Pour répondre à cette question, j’en poserais une autre : c’est quoi être professionnel, partir à l’étranger et faire quinze clubs en dix ans ? Jouer en N1 française dans une équipe qui ne ferait pas le poids contre Käerjeng ? À mon avis, mais ce n’est que mon avis, être professionnel, c’est avant tout un état d’esprit. À Käerjeng, des professionnels pour qui j’ai un profond respect, ils ne sont pas nombreux : il y a Vladi (Temelkov) et Zoran (Radojevic). Eux ont une vraie carrière et ont encore, malgré leur âge, une vraie attitude de pro par leur sérieux et leur investissement. Quant à ceux qui parlent de ma crédibilité, je répondrais que j’ai pris part à la plus belle époque de Käerjeng, celle de Riccardo Trillini.
Je ne porterai plus le maillot de Käerjeng, mais peut-être qu’un jour, j’y retournerai dans un autre rôle
Vous avez une relation fusionnelle avec l’actuel sélectionneur de l’Italie. Qu’avait-il de si particulier à vos yeux ?
Très vite, Riccardo a compris les spécificités du handball luxembourgeois et les spécificités qui étaient les siennes. Il m’a fait venir de Pétange. Au bout de deux mois, je ne jouais pas. Je vais le voir et lui dis que je ne comprends pas pourquoi il ne me fait pas jouer. Il me répond : « Tu es meilleur que ce mec-là ? Non. Et tu t’entraînes plus que lui ? Non. Bon, quand tu t’entraîneras vraiment, tu pourras prétendre jouer… » Ce « mec-là », c’était Francesco (Volpi). À partir de ce jour-là, en plus des entraînements collectifs, j’allais trois fois par semaine au CK Sport Center d’Esch pour des séances de musculation.
Comment trouviez-vous le temps ?
Cette question me permet de revenir à cette notion de professionnalisme. Cela dépendait de chacun. Certains y allaient le matin, d’autres entre midi… Mais au final, les lundis, mercredis et vendredis, une dizaine de joueurs se retrouvaient pour la séance de muscu avec Riccardo. Il nous a transmis la niaque. Et c’est aussi ce qui explique nos succès avec lui. De 2014 à 2018, Käerjeng a remporté deux titres de champion et deux Coupes de Luxembourg. Sur cette période, c’était le plus grand club du pays.
Au XXIe siècle, le plus grand reste incontestablement le HB Esch…
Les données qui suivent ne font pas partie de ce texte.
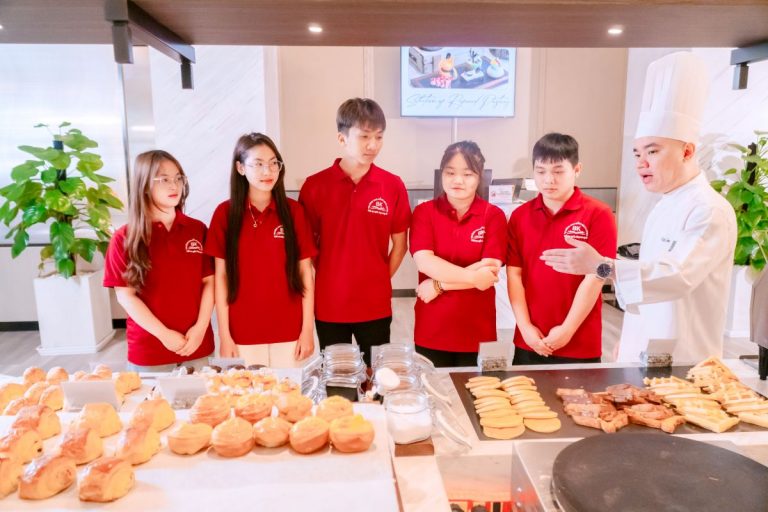 Lương ngành Kỹ thuật chế biến món ăn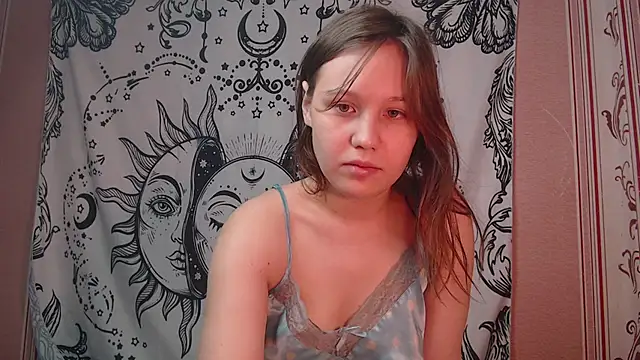 Thighswithspikes online show from September 15, 8:03 am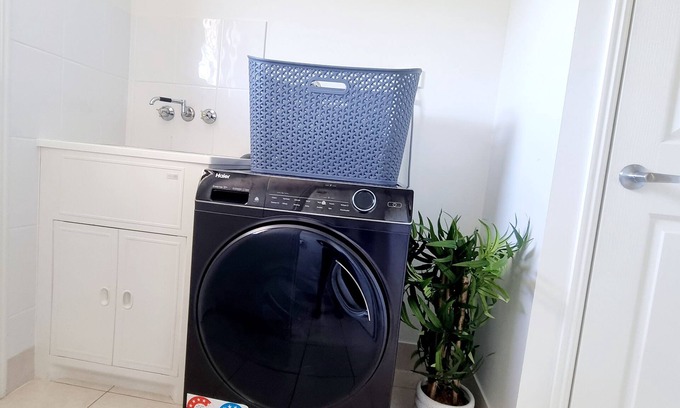 Urangan House | Feel right at home plus parking for boats and vans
Oui, et sur quoi repose son succès ? D’abord, il faut quand même rappeler que, par sa démographie, Esch part déjà avec un avantage par rapport à Bascharage, qui est un village. Pour le reste, à Esch, les gars s’entraînent plus qu’ailleurs. Regardez la progression en l’espace de deux ans d’un Felix Werdel, c’est formidable ! Mais elle n’est pas tombée du ciel.
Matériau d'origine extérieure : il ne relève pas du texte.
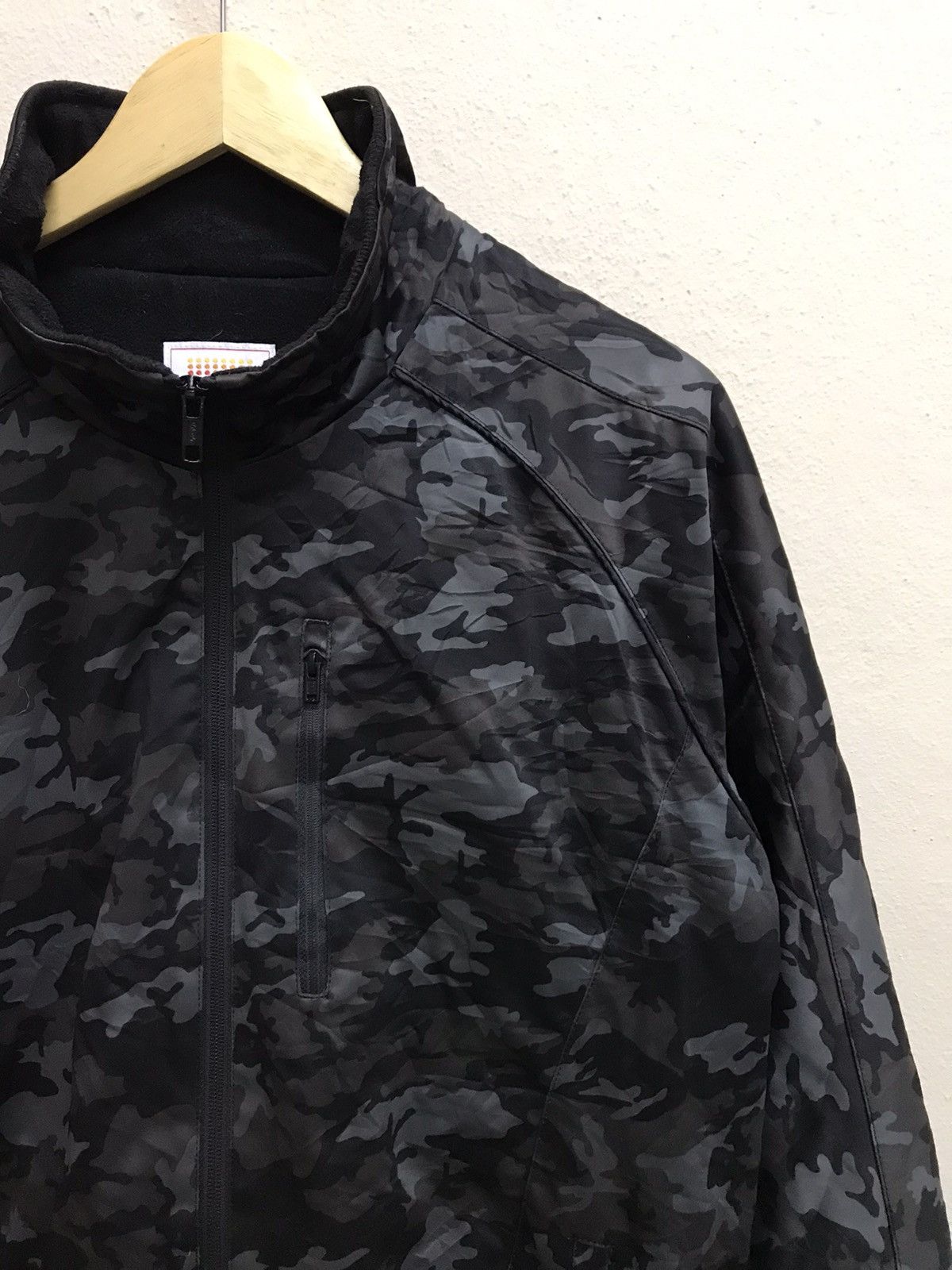 Japanese Brand VINTAGE Y2K HOT FINE CAMO STYLE DOUBLE LAYER JACKET Size US M / EU 48-50 / 2 - 5 Thumbnail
Et à Dudelange, comment s’entraîne-t-on ?
Bien. Très bien même! À l’entraînement, il y a un réel engagement de la part de tous les joueurs. Même de la part de ceux qui n’ont pas forcément un temps de jeu important. Sur les un contre un, ça va à 200 à l’heure… Pour être honnête, j’étais complètement à la ramasse lors des premières séances. Bon, à ma décharge, ça faisait deux ans que je n’avais pas vu ça.
La présence de Nikola Malesevic a-t-elle pesé dans votre choix de rejoindre le HBD ?
Son appel, début décembre, a été déterminant. On a beaucoup échangé et il m’a convaincu. Il attache beaucoup d’importance à la défense et ça me plaît.
Un secteur déjà bien fourni avec Mario Anic, Francesco Volpi, Dan Mauruschatt…
Oui. Il y a de quoi faire de belles choses. D’autant que j’ai vraiment eu un super accueil de la part de toute l’équipe.
À quel accueil vous attendez-vous ce samedi ?
Pour moi, tout ce qui s’est passé, c’est de l’histoire ancienne. Je ne suis pas rancunier et je serrerai la main de tout le monde. Comme joueur, je ne porterai plus le maillot de Käerjeng, mais peut-être qu’un jour j’y retournerai dans un autre rôle. On verra. Une chose est sûre, samedi, une seule chose comptera pour moi : Dudelange.